Volcano Irazu Costa Rica
Volcano Irazu Crater Lake
Cartago, Costa Rica

After stranding ourselves on top of Costa Rica’s Volcano Irazu, we needed to find a way back down the mountain to catch a bus to San Jose.

We took a bus from Cartago most of the way up the volcano, then hopped in a jeep with a local guy to get to the top.

Volcano Irazu is not like other volcanoes I’ve visited along my journey. Even though it’s the highest volcano in Costa Rica, there is a road that goes right to the top. This makes it easy to visit if you have a car.

The top of the volcano is often covered with a thick layer of clouds, but luckily we had a short window of time when Irazu’s famous blue/green crater lake revealed itself.

Hitchhiking Volcano Irazu Costa Rica
Hitchhiking in Costa Rica

Hitchhiking In Costa Rica

Because there were still a lot of trucks in the parking lot at the top of the volcano, we decided hitchhiking back would be a fun way to see the countryside. I’ve hitchhiked few times throughout Central America – in Mexico, Guatemala, and Nicaragua.

But this was going to be Abby’s very first hitchhiking adventure. Ever. I could tell she was a bit nervous but excited at the same time. I was excited for her! One of my favorite parts of travel is embracing new experiences.

Hitchhiking often gets a bad rap. Unfortunately, the people who are quick to warn about its dangers have zero experience themselves. Talk to anyone who’s actually done it, and you’ll get quite a different opinion.

Farming Volcano Irazu Costa Rica
Farming Above the Clouds

Finding A Ride

The first 2 vehicles I approached said no. Well, that’s not entirely correct. They made up lame excuses as to why they couldn’t take us. One was a bus full of fellow gringos! The group leader, obviously lying through his teeth, claimed there was no room…

I guess the common local practice of standing in the aisle wasn’t an option either? :roll:

Of course, I don’t expect these people to feel obligated to drive two total strangers down the mountain for an hour. But I always think it’s funny when they feel the need to make up a reason why they can’t.

On our third try, success! This particular family looked deeply into our eyes, understood that we weren’t a pair of ax murderers on vacation, and let us jump in the back of their brand new pickup truck.

Road Cheese Irazu Costa Rica
Attacking my Ball of Queso Palmito

Fluffy Clouds & Tasty Cheese

The first part of the trip on a rutted-out dirt road was a bit bumpy, and we tried to make ourselves comfortable as best we could. We soon needed sweatshirts too. It’s cold in the back of a pickup truck at 11,000 feet…

The ride down the volcano was incredibly scenic though, and more than made up for the discomfort. Clouds came rolling into the side of the mountain as we passed farms and small villages.
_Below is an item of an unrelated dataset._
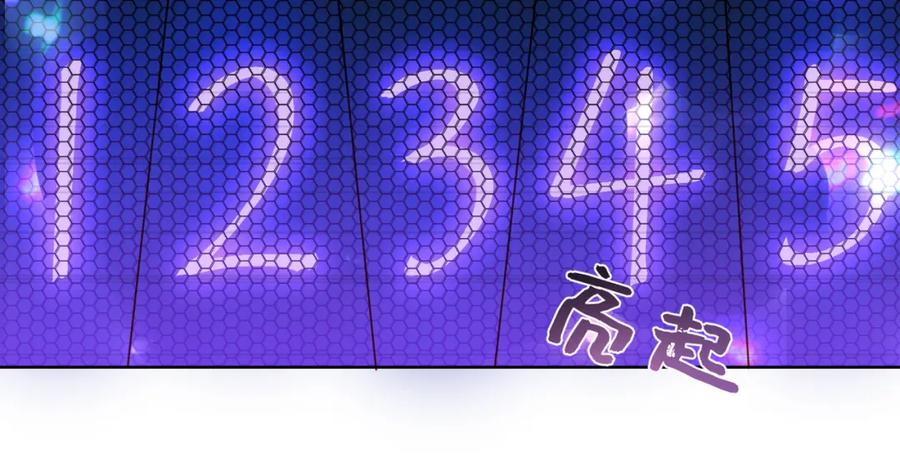 《影帝攻略手册》007 心跳100% 第60页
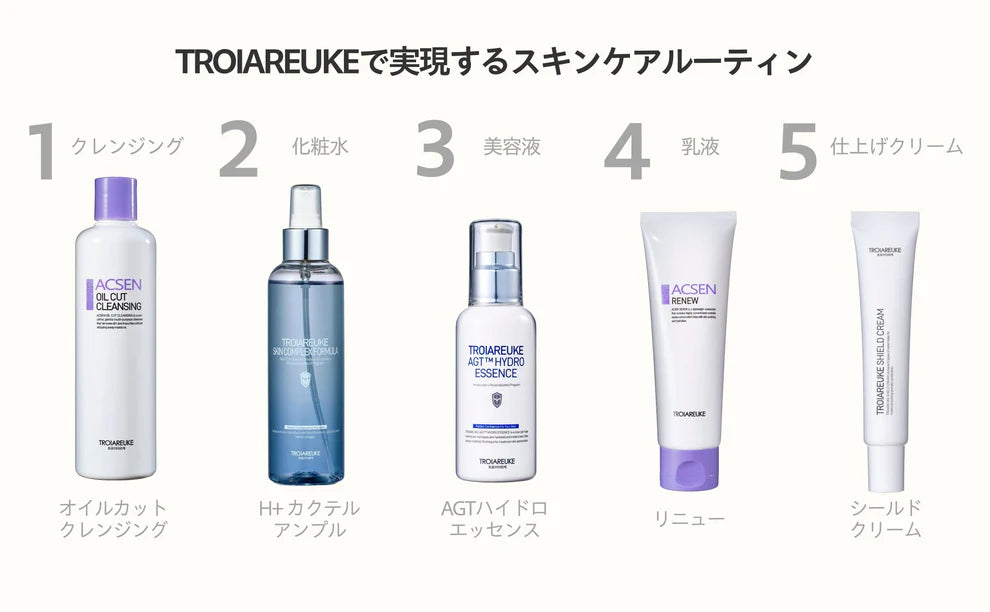 H+カクテルアンプル 200ml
Locals had set up little produce stands on the side of the road, and our truck stopped to buy some local Costa Rican cheese called Queso Palmito. I got into the action and bought a giant ball of it to snack on for the rest of the ride. Soft, watery, ice-cold – road cheese is the perfect hitchhiking treat.

We thanked our new friends & found a bus into the city. ★

Travel Planning Resources for Irazu National Park, Costa Rica
Cost: $10 USD entry fee

Packing Guide

Check out my travel gear guide to help you start packing for your trip. Pick up a travel backpack, camera gear, and other useful travel accessories.

Book Your Flight

Book cheap flights on Skyscanner, my favorite airline search engine to find deals. Also read my tips for how I find the cheapest flights.

Rent A Car

Discover Cars is a great site for comparing car prices to find the best deal. They search both local & international rental companies.

Book Accommodation

Booking.com is my favorite hotel search engine. Or rent local apartments on Airbnb ($35 discount!). Read my post for tips on booking cheap hotels.

Protect Your Trip

Don’t forget travel insurance! I’m a big fan of World Nomads for short-term trips. Protect yourself from possible injury & theft abroad. Read more about why you should always carry travel insurance.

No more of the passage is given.